◆ **AIM OF THE EXERCISE**
Transcribe only the stretch of lines that opens with the line containing "Pair of twisted brass column candle holders" and closes with the last line of the listing, skipping pictures.

◆ **STUDY MATERIAL**
=== Section Start ===
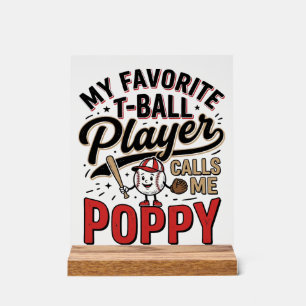 T-Ball Mohn Vintage-Stickerei-Shirt-Design_1 Acrylschild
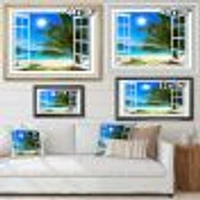 Window Open to Beach with Palm  Canvas Art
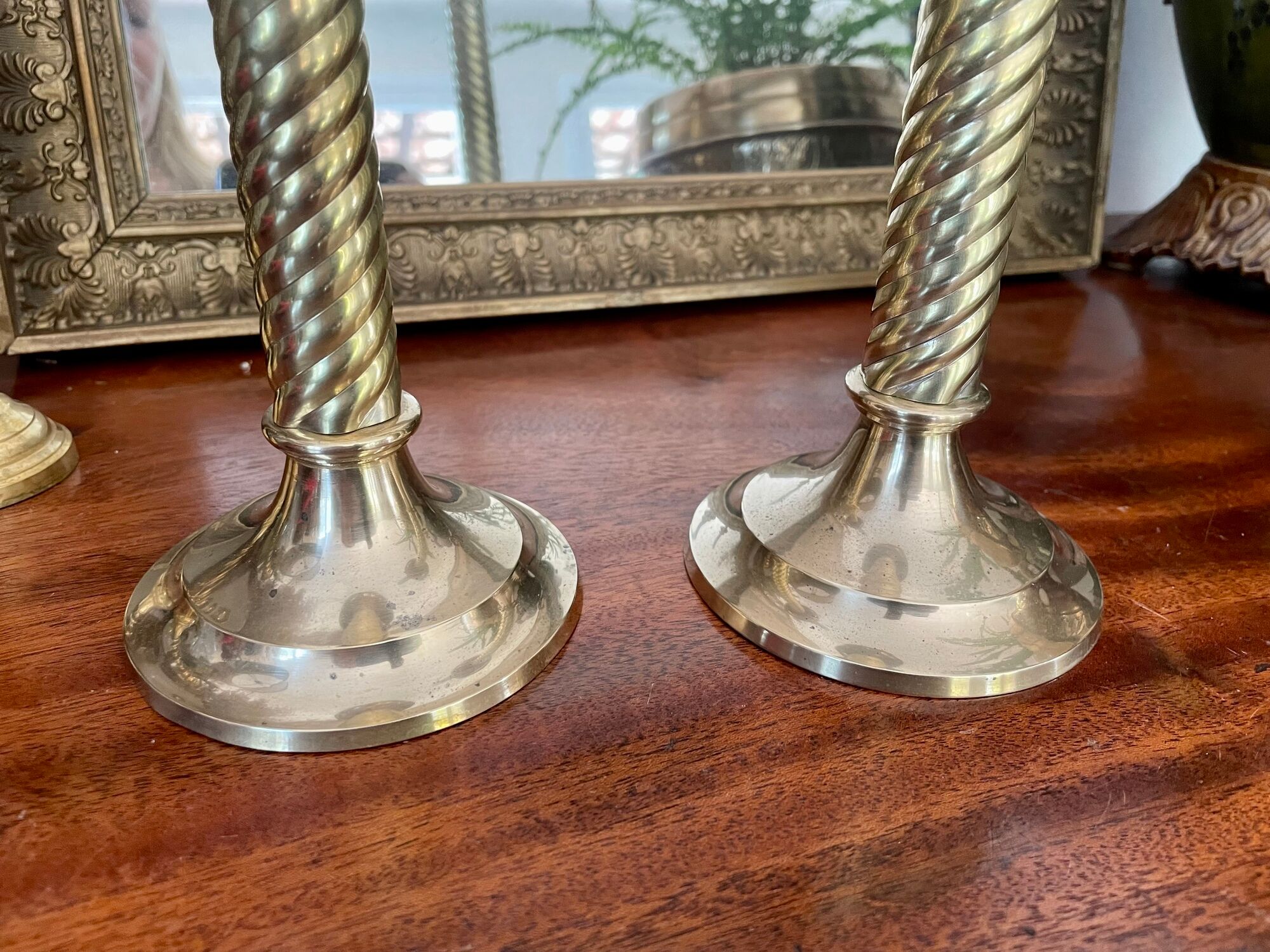 Pair of twisted brass column candle holders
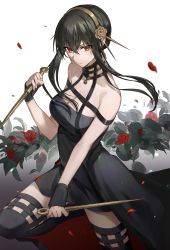 Rule 34 | 1girl, absurdres, bare shoulders, black dress, black hair, black thighhighs, breasts, cleavage, dress, flower, hairband, highres, holding, holding weapon, hoshi rasuku, long hair, looking at viewer, red eyes, rose, solo, spy x family, thighhighs, weapon, yor briar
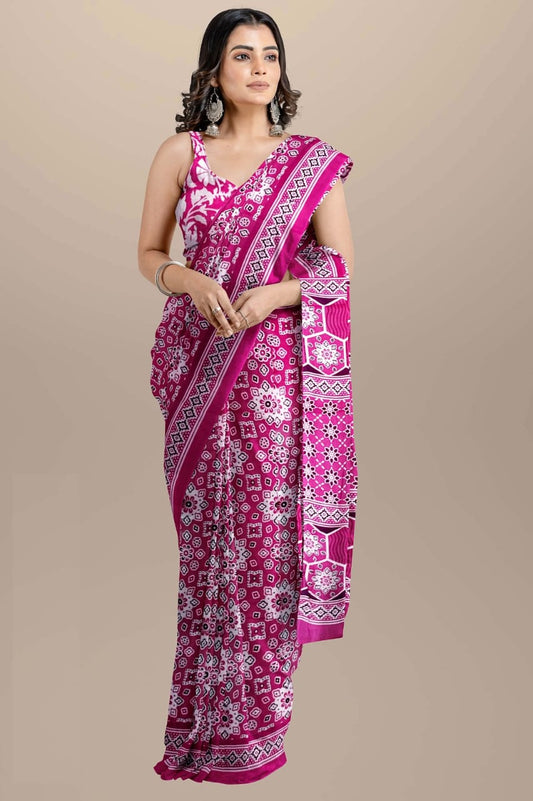 Dark pink Handblock printed mulmul cotton sarees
=== Section End ===
◆ **WRITTEN SOLUTION**
 Pair of twisted brass column candle holders
 Rule 34 | 1girl, absurdres, bare shoulders, black dress, black hair, black thighhighs, breasts, cleavage, dress, flower, hairband, highres, holding, holding weapon, hoshi rasuku, long hair, looking at viewer, red eyes, rose, solo, spy x family, thighhighs, weapon, yor briar
 Dark pink Handblock printed mulmul cotton sarees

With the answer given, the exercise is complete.